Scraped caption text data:
######

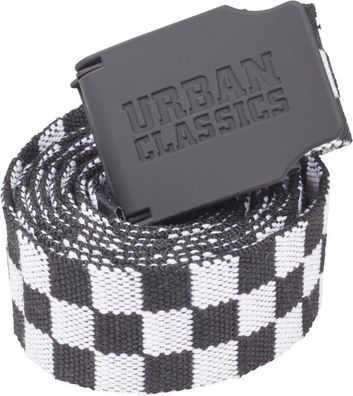 Urban Classics Gürtel UC Canvas Belt Checkerboard 150cm Black/White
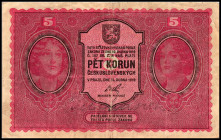 TSCHECHOSLOWAKEI. 5 Korun 15.04.1919. Pi. 7a. .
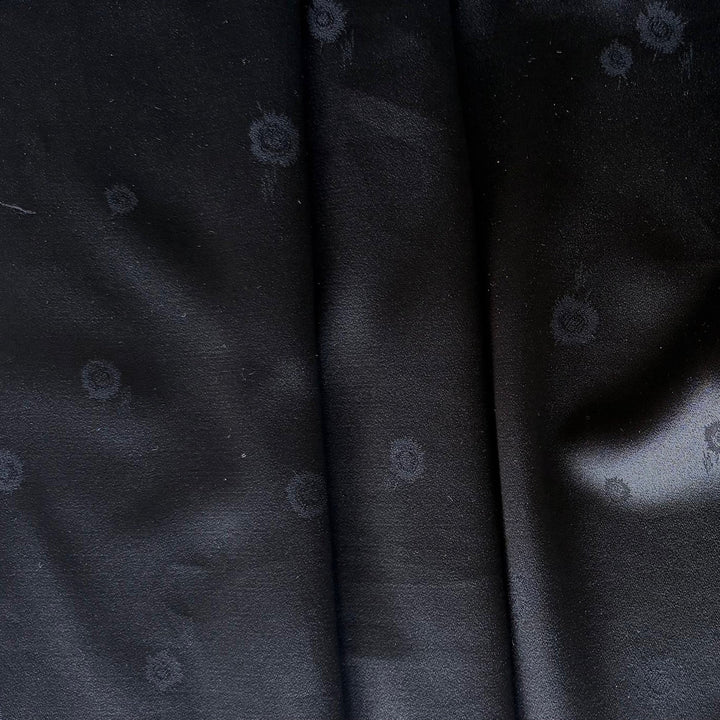 Chic Jet Black Rayon Viscose Satin Crepe Jacquard (Made in Italy)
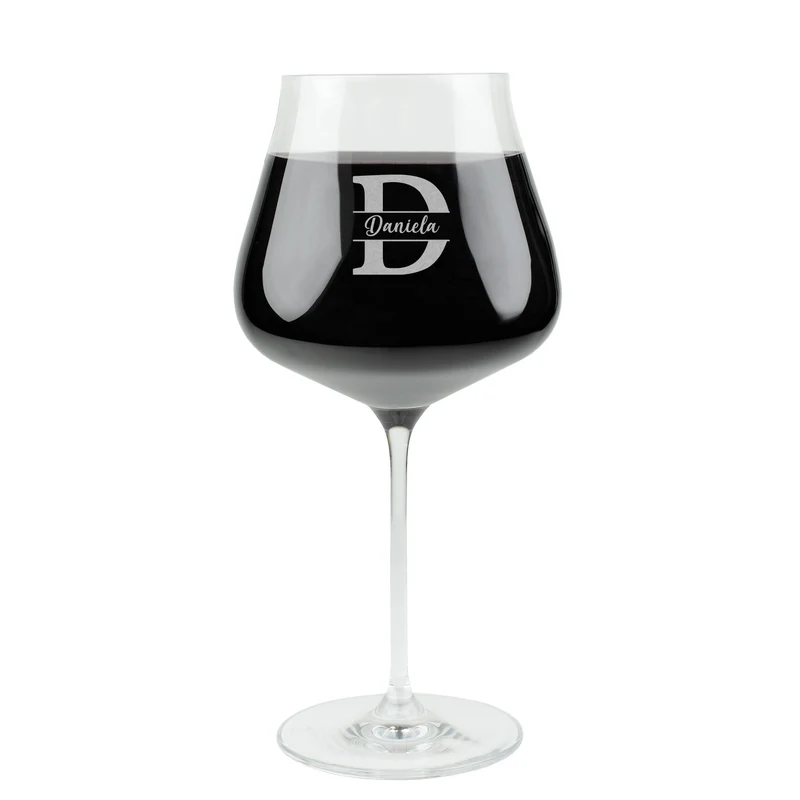 Burgunderglas mit Gravur von Initiale & Name | Personalisiertes Weinglas von Leonardo 770ml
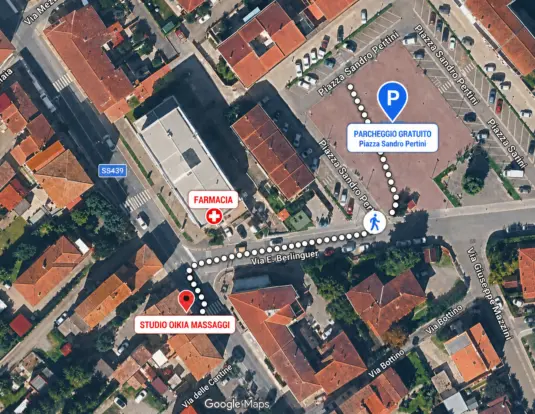Mappa del parcheggio gratuito di Piazza Sandro Pertini, a pochi passi dallo Studio Oikia Massaggi a Capannoli.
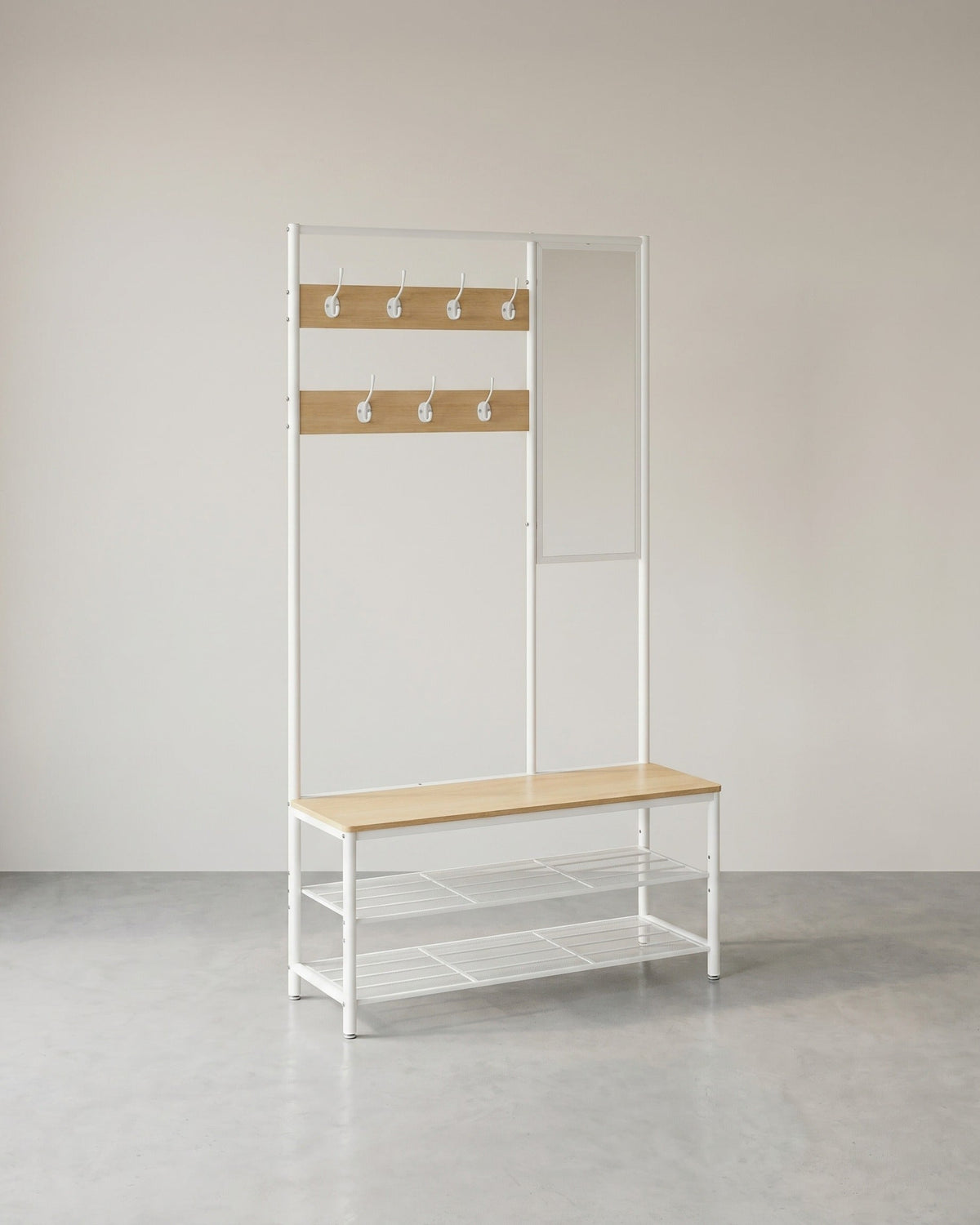 Garderobe mit Schuhablage und Spiegel – 4-in-1 Flurmöbel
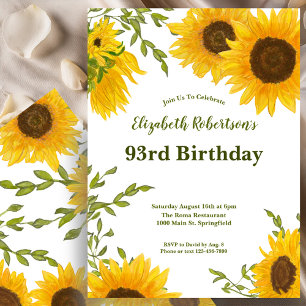 Watercolor Sunflowers Women's 93rd Birthday  Invitation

######

## Work to complete
Every entry above is to be copied verbatim, with the pictures removed.

## Your solution
 Urban Classics Gürtel UC Canvas Belt Checkerboard 150cm Black/White
 TSCHECHOSLOWAKEI. 5 Korun 15.04.1919. Pi. 7a. .
 Chic Jet Black Rayon Viscose Satin Crepe Jacquard (Made in Italy)
 Burgunderglas mit Gravur von Initiale & Name | Personalisiertes Weinglas von Leonardo 770ml
Mappa del parcheggio gratuito di Piazza Sandro Pertini, a pochi passi dallo Studio Oikia Massaggi a Capannoli.
 Garderobe mit Schuhablage und Spiegel – 4-in-1 Flurmöbel
 Watercolor Sunflowers Women's 93rd Birthday  Invitation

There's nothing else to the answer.